Hybrid technique for optimal placement and sizing of distributed generation units considering real and reactive power injection

Distributed generation resources have played a major role in strengthening the performance of the distribution network (DN). Strategically placing and sizing these resources can relieve the stress on distribution line, fostering a more reliable and sustainable energy supply for a greener tomorrow. The literature outlines various optimization techniques, each with its pros and cons based on the methodology used. Some of these techniques are unable to find out the size and placement of DGs that can supply both active and reactive power, while others have a low rate of convergence and the probability of falling into local optima. This research presents a hybrid technique (AT-GSA) based on an analytical and grid search algorithm that can solve the aforementioned problems. Here the goal is to minimize power losses in the DN while enhancing the DN's voltage profile and voltage stability index (VSI).

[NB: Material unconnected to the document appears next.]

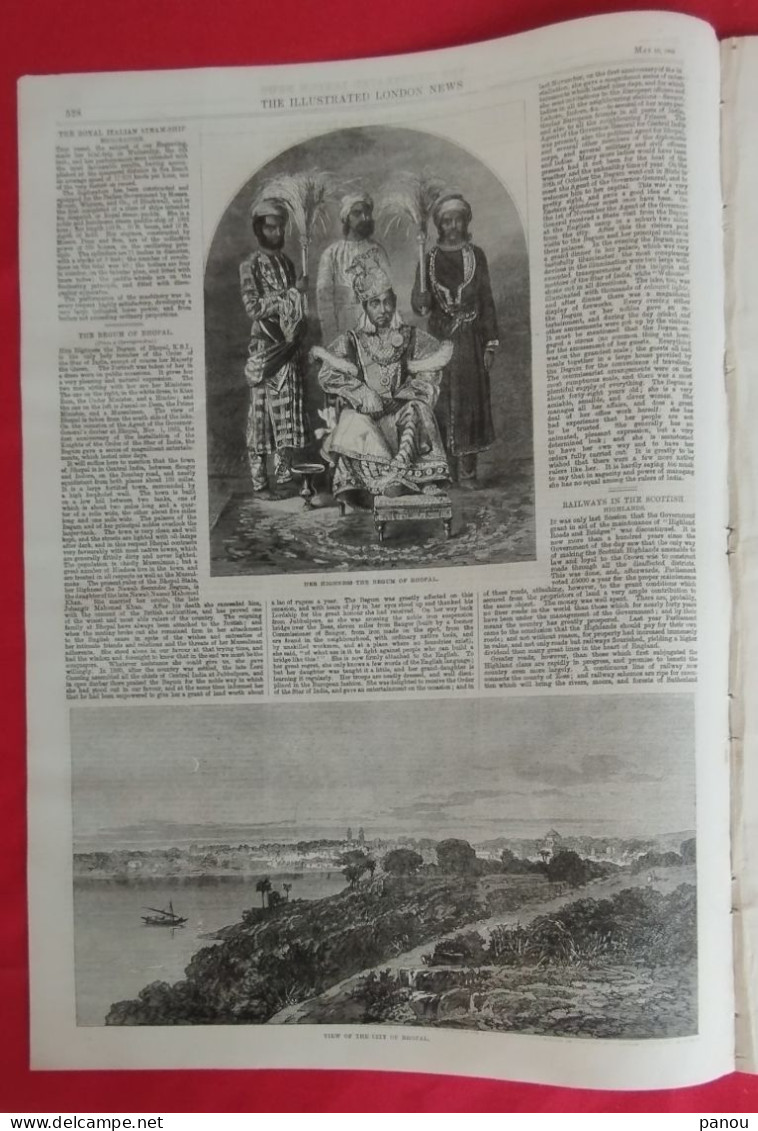 THE ILLUSTRATED LONDON NEWS 1203 MAY 16,1863 ITALIA. BHOPAL INDIA. WAR AMERICA CHARLESTON. ​​​​​​​SULTAN TURKEY. CAIRO - Sonstige & Ohne Zuordnung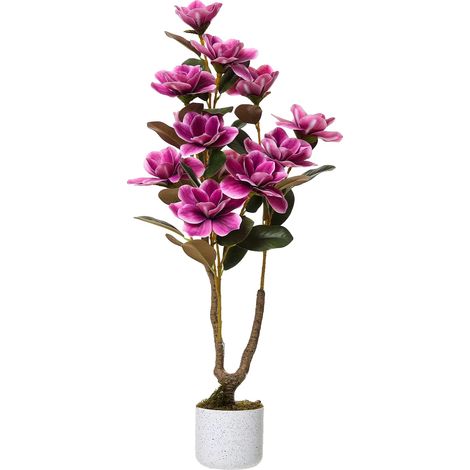 Künstliche Orchidee & Magnolienbaum, lebensechte Blumen, elegante Dekoration, Rosa 95cm (1/2)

IEEE 33-bus and IEEE 69-bus systems are being used to validate the proposed technique. The findings indicate that by injecting real and reactive power, the IEEE 33-bus and IEEE 69-bus systems experienced a reduction in losses of 88.26% and 93.21%, respectively, compared to base losses. The average absolute error (AAE) of the voltages shows a substantial decrease, declining from 0.0561 and 0.0268, respectively, to 0.0062 and 0.0069. The VSI for each DN has also shown a substantial increase in comparison to the reference case.